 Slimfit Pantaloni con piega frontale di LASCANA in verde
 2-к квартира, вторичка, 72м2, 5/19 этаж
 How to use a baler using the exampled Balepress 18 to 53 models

==

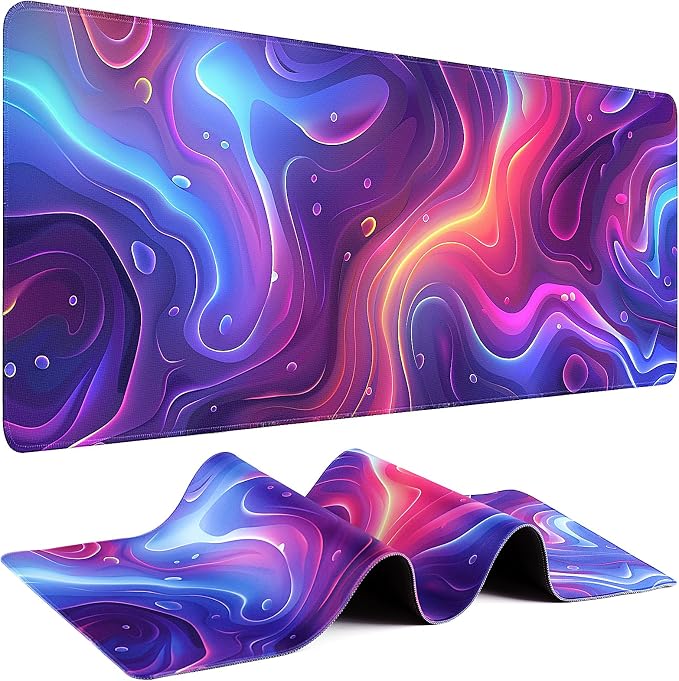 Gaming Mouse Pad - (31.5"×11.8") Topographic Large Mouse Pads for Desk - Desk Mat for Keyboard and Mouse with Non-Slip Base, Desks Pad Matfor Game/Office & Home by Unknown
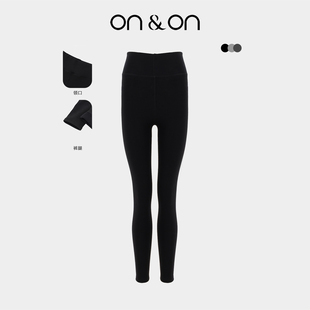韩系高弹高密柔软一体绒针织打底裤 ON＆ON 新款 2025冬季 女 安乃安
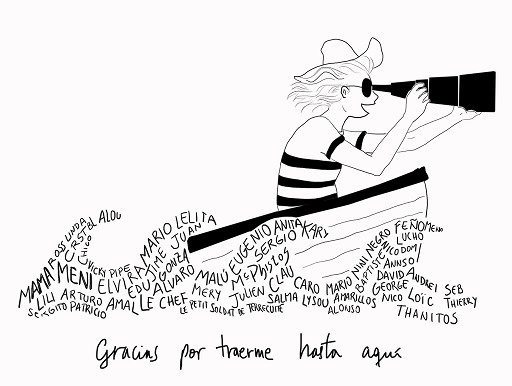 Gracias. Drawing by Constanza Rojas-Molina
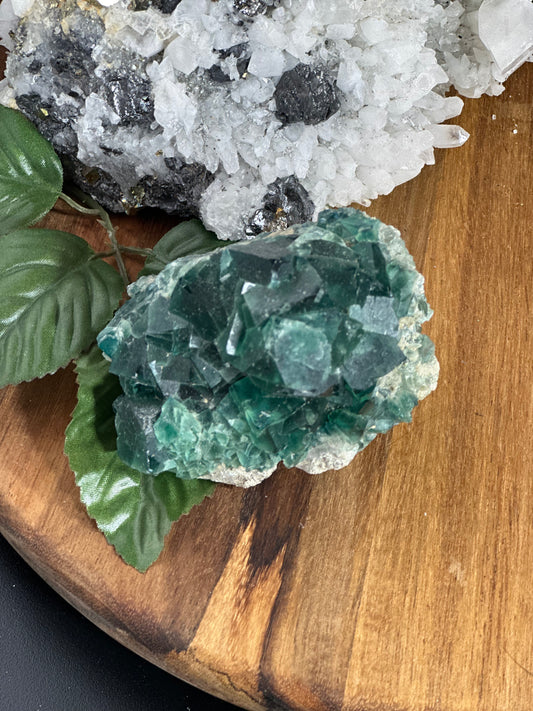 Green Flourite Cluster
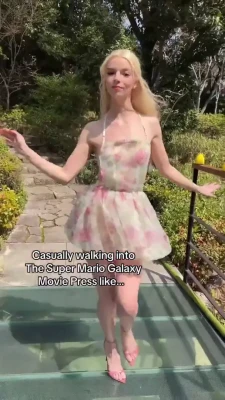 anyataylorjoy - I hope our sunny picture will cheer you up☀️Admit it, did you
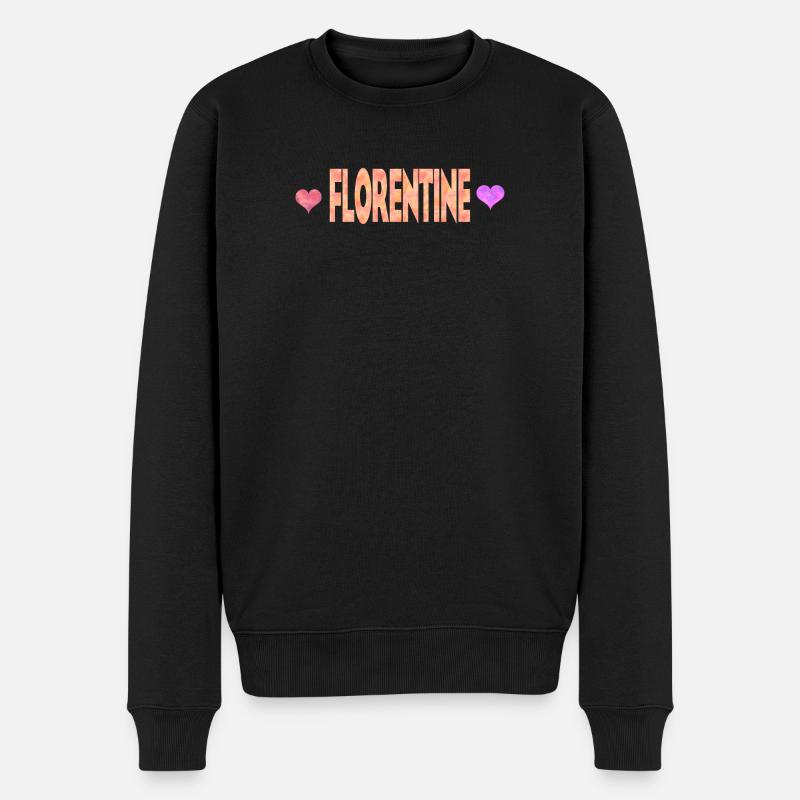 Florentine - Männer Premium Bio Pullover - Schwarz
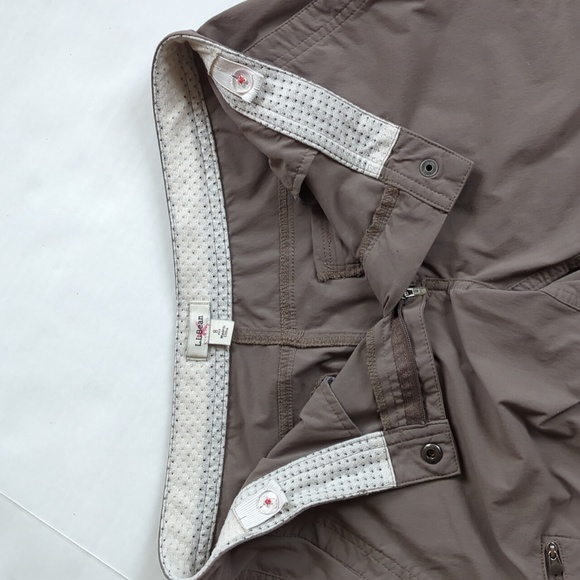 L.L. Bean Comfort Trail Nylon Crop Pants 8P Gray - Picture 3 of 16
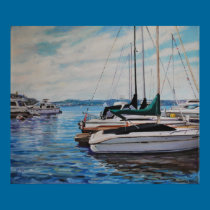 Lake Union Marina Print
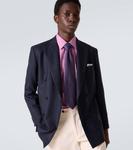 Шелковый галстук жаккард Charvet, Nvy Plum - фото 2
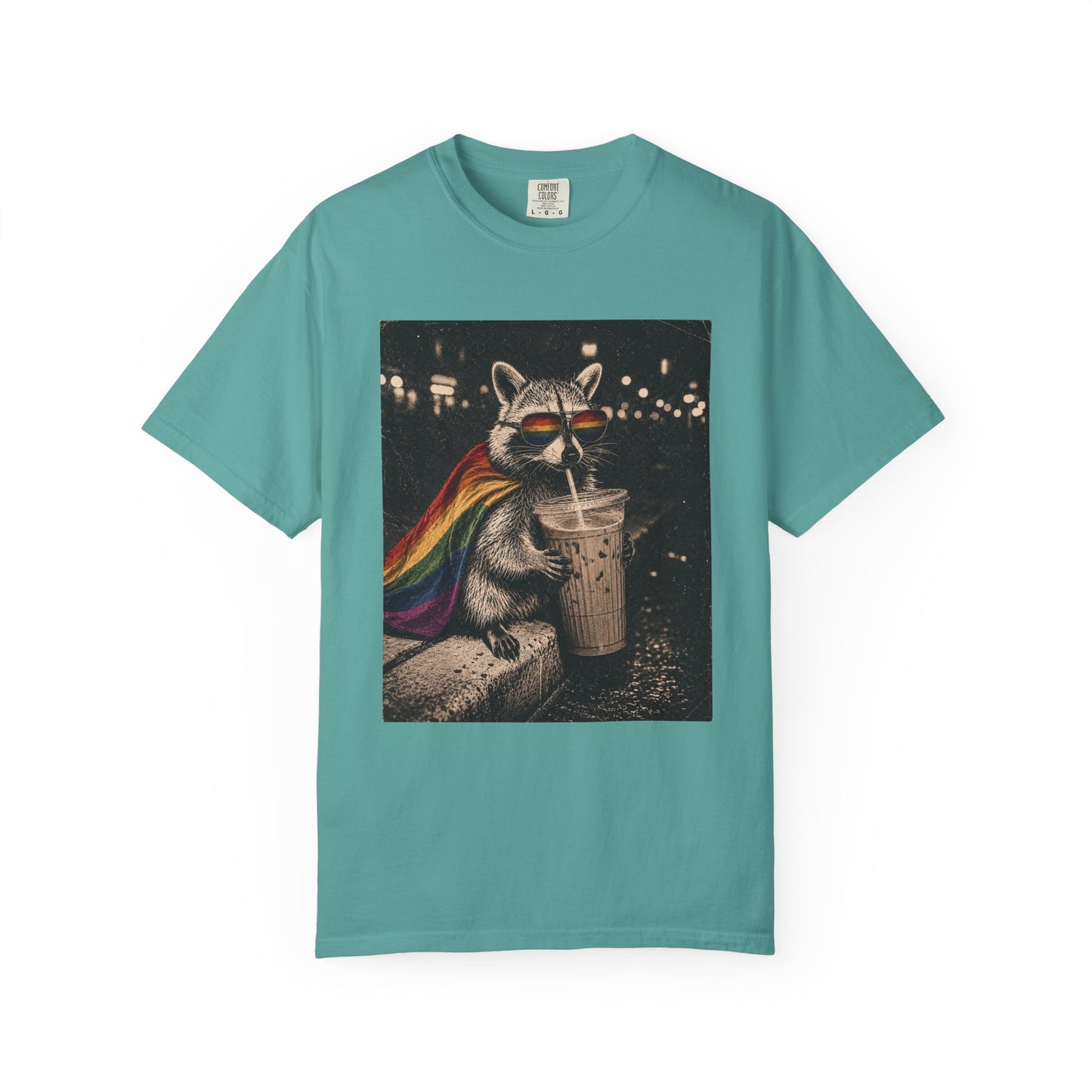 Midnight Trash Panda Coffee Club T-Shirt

Description of the task:
Above are some lines. Repeat exactly, and only, those from the line that has "Slimfit Pantaloni con" through the line that has "How to use a".

Exercise answer:
 Slimfit Pantaloni con piega frontale di LASCANA in verde
 2-к квартира, вторичка, 72м2, 5/19 этаж
 How to use a baler using the exampled Balepress 18 to 53 models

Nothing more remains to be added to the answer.